— Dataset extract —

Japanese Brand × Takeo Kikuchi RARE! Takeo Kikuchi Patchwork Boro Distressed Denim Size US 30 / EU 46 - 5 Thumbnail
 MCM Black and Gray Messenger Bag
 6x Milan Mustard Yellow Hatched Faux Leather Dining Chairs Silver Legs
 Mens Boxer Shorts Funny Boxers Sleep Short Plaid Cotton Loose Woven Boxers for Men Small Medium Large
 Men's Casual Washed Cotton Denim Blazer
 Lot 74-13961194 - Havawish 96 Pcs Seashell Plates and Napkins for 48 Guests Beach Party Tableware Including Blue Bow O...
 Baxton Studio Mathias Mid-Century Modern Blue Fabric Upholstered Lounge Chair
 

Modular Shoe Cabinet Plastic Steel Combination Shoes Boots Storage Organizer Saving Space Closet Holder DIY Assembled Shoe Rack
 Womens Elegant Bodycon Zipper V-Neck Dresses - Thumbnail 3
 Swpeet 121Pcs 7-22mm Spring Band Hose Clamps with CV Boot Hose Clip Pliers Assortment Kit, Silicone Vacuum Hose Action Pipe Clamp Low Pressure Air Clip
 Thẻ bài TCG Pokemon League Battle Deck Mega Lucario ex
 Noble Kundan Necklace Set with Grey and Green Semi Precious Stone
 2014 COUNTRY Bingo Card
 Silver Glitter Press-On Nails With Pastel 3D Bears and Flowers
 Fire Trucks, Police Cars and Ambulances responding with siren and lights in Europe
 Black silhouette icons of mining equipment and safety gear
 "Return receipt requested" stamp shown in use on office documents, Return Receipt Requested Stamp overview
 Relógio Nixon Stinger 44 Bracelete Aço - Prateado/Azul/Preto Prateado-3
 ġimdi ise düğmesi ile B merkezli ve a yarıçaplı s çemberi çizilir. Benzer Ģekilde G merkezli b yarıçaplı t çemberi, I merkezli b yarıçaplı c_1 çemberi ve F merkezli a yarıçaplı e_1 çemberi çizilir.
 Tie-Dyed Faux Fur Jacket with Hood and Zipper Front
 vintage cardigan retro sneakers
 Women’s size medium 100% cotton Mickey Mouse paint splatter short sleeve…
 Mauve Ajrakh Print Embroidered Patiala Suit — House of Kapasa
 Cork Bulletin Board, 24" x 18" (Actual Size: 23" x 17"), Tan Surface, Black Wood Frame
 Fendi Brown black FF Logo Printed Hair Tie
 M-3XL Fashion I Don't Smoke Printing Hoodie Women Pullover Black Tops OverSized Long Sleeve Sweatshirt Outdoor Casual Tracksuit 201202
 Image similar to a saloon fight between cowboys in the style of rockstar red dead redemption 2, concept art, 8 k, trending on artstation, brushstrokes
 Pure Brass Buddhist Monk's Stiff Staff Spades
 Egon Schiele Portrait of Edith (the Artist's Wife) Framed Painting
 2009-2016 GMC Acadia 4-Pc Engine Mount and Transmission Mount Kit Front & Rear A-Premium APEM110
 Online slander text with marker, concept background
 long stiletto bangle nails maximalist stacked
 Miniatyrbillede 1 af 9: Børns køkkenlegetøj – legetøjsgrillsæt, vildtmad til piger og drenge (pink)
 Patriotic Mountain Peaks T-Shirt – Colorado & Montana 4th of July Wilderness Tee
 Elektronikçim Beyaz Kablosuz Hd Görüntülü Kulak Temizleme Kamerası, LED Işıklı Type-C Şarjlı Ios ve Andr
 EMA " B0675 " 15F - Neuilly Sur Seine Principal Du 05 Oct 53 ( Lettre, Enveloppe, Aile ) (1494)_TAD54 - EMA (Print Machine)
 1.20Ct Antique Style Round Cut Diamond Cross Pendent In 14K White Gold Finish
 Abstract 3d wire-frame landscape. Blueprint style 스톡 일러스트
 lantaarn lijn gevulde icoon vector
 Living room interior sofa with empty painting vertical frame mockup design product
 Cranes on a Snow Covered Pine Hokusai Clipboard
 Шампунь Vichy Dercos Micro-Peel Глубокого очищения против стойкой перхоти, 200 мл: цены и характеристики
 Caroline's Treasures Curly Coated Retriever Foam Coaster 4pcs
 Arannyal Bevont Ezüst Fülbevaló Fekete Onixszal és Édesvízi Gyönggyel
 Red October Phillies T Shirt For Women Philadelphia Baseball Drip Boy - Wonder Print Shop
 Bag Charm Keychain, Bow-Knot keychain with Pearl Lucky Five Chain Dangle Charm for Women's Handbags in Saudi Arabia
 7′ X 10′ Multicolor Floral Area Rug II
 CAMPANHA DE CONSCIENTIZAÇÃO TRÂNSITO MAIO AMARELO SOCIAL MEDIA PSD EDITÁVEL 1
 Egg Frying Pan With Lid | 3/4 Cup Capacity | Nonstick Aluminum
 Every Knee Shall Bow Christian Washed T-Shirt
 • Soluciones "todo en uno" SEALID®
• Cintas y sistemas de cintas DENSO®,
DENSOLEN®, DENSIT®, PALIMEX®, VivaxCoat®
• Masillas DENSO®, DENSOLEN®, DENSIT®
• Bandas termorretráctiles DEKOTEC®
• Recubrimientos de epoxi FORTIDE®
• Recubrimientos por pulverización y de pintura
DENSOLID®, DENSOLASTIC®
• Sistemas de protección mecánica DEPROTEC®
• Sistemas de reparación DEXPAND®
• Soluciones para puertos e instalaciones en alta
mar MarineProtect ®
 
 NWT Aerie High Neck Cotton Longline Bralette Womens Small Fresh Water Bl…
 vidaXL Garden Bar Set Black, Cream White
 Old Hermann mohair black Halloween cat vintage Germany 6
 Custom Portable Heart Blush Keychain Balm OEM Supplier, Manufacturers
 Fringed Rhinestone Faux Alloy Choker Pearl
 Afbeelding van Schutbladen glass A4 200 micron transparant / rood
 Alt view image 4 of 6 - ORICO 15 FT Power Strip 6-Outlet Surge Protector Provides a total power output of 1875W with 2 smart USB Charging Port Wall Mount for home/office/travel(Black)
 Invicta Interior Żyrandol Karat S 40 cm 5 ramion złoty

— Directions for this task —
Please repeat the entries above exactly as they read.

— Response to this task —
Japanese Brand × Takeo Kikuchi RARE! Takeo Kikuchi Patchwork Boro Distressed Denim Size US 30 / EU 46 - 5 Thumbnail
 MCM Black and Gray Messenger Bag
 6x Milan Mustard Yellow Hatched Faux Leather Dining Chairs Silver Legs
 Mens Boxer Shorts Funny Boxers Sleep Short Plaid Cotton Loose Woven Boxers for Men Small Medium Large
 Men's Casual Washed Cotton Denim Blazer
 Lot 74-13961194 - Havawish 96 Pcs Seashell Plates and Napkins for 48 Guests Beach Party Tableware Including Blue Bow O...
 Baxton Studio Mathias Mid-Century Modern Blue Fabric Upholstered Lounge Chair
 

Modular Shoe Cabinet Plastic Steel Combination Shoes Boots Storage Organizer Saving Space Closet Holder DIY Assembled Shoe Rack
 Womens Elegant Bodycon Zipper V-Neck Dresses - Thumbnail 3
 Swpeet 121Pcs 7-22mm Spring Band Hose Clamps with CV Boot Hose Clip Pliers Assortment Kit, Silicone Vacuum Hose Action Pipe Clamp Low Pressure Air Clip
 Thẻ bài TCG Pokemon League Battle Deck Mega Lucario ex
 Noble Kundan Necklace Set with Grey and Green Semi Precious Stone
 2014 COUNTRY Bingo Card
 Silver Glitter Press-On Nails With Pastel 3D Bears and Flowers
 Fire Trucks, Police Cars and Ambulances responding with siren and lights in Europe
 Black silhouette icons of mining equipment and safety gear
 "Return receipt requested" stamp shown in use on office documents, Return Receipt Requested Stamp overview
 Relógio Nixon Stinger 44 Bracelete Aço - Prateado/Azul/Preto Prateado-3
 ġimdi ise düğmesi ile B merkezli ve a yarıçaplı s çemberi çizilir. Benzer Ģekilde G merkezli b yarıçaplı t çemberi, I merkezli b yarıçaplı c_1 çemberi ve F merkezli a yarıçaplı e_1 çemberi çizilir.
 Tie-Dyed Faux Fur Jacket with Hood and Zipper Front
 vintage cardigan retro sneakers
 Women’s size medium 100% cotton Mickey Mouse paint splatter short sleeve…
 Mauve Ajrakh Print Embroidered Patiala Suit — House of Kapasa
 Cork Bulletin Board, 24" x 18" (Actual Size: 23" x 17"), Tan Surface, Black Wood Frame
 Fendi Brown black FF Logo Printed Hair Tie
 M-3XL Fashion I Don't Smoke Printing Hoodie Women Pullover Black Tops OverSized Long Sleeve Sweatshirt Outdoor Casual Tracksuit 201202
 Image similar to a saloon fight between cowboys in the style of rockstar red dead redemption 2, concept art, 8 k, trending on artstation, brushstrokes
 Pure Brass Buddhist Monk's Stiff Staff Spades
 Egon Schiele Portrait of Edith (the Artist's Wife) Framed Painting
 2009-2016 GMC Acadia 4-Pc Engine Mount and Transmission Mount Kit Front & Rear A-Premium APEM110
 Online slander text with marker, concept background
 long stiletto bangle nails maximalist stacked
 Miniatyrbillede 1 af 9: Børns køkkenlegetøj – legetøjsgrillsæt, vildtmad til piger og drenge (pink)
 Patriotic Mountain Peaks T-Shirt – Colorado & Montana 4th of July Wilderness Tee
 Elektronikçim Beyaz Kablosuz Hd Görüntülü Kulak Temizleme Kamerası, LED Işıklı Type-C Şarjlı Ios ve Andr
 EMA " B0675 " 15F - Neuilly Sur Seine Principal Du 05 Oct 53 ( Lettre, Enveloppe, Aile ) (1494)_TAD54 - EMA (Print Machine)
 1.20Ct Antique Style Round Cut Diamond Cross Pendent In 14K White Gold Finish
 Abstract 3d wire-frame landscape. Blueprint style 스톡 일러스트
 lantaarn lijn gevulde icoon vector
 Living room interior sofa with empty painting vertical frame mockup design product
 Cranes on a Snow Covered Pine Hokusai Clipboard
 Шампунь Vichy Dercos Micro-Peel Глубокого очищения против стойкой перхоти, 200 мл: цены и характеристики
 Caroline's Treasures Curly Coated Retriever Foam Coaster 4pcs
 Arannyal Bevont Ezüst Fülbevaló Fekete Onixszal és Édesvízi Gyönggyel
 Red October Phillies T Shirt For Women Philadelphia Baseball Drip Boy - Wonder Print Shop
 Bag Charm Keychain, Bow-Knot keychain with Pearl Lucky Five Chain Dangle Charm for Women's Handbags in Saudi Arabia
 7′ X 10′ Multicolor Floral Area Rug II
 CAMPANHA DE CONSCIENTIZAÇÃO TRÂNSITO MAIO AMARELO SOCIAL MEDIA PSD EDITÁVEL 1
 Egg Frying Pan With Lid | 3/4 Cup Capacity | Nonstick Aluminum
 Every Knee Shall Bow Christian Washed T-Shirt
 • Soluciones "todo en uno" SEALID®
• Cintas y sistemas de cintas DENSO®,
DENSOLEN®, DENSIT®, PALIMEX®, VivaxCoat®
• Masillas DENSO®, DENSOLEN®, DENSIT®
• Bandas termorretráctiles DEKOTEC®
• Recubrimientos de epoxi FORTIDE®
• Recubrimientos por pulverización y de pintura
DENSOLID®, DENSOLASTIC®
• Sistemas de protección mecánica DEPROTEC®
• Sistemas de reparación DEXPAND®
• Soluciones para puertos e instalaciones en alta
mar MarineProtect ®
 
 NWT Aerie High Neck Cotton Longline Bralette Womens Small Fresh Water Bl…
 vidaXL Garden Bar Set Black, Cream White
 Old Hermann mohair black Halloween cat vintage Germany 6
 Custom Portable Heart Blush Keychain Balm OEM Supplier, Manufacturers
 Fringed Rhinestone Faux Alloy Choker Pearl
 Afbeelding van Schutbladen glass A4 200 micron transparant / rood
 Alt view image 4 of 6 - ORICO 15 FT Power Strip 6-Outlet Surge Protector Provides a total power output of 1875W with 2 smart USB Charging Port Wall Mount for home/office/travel(Black)
 Invicta Interior Żyrandol Karat S 40 cm 5 ramion złoty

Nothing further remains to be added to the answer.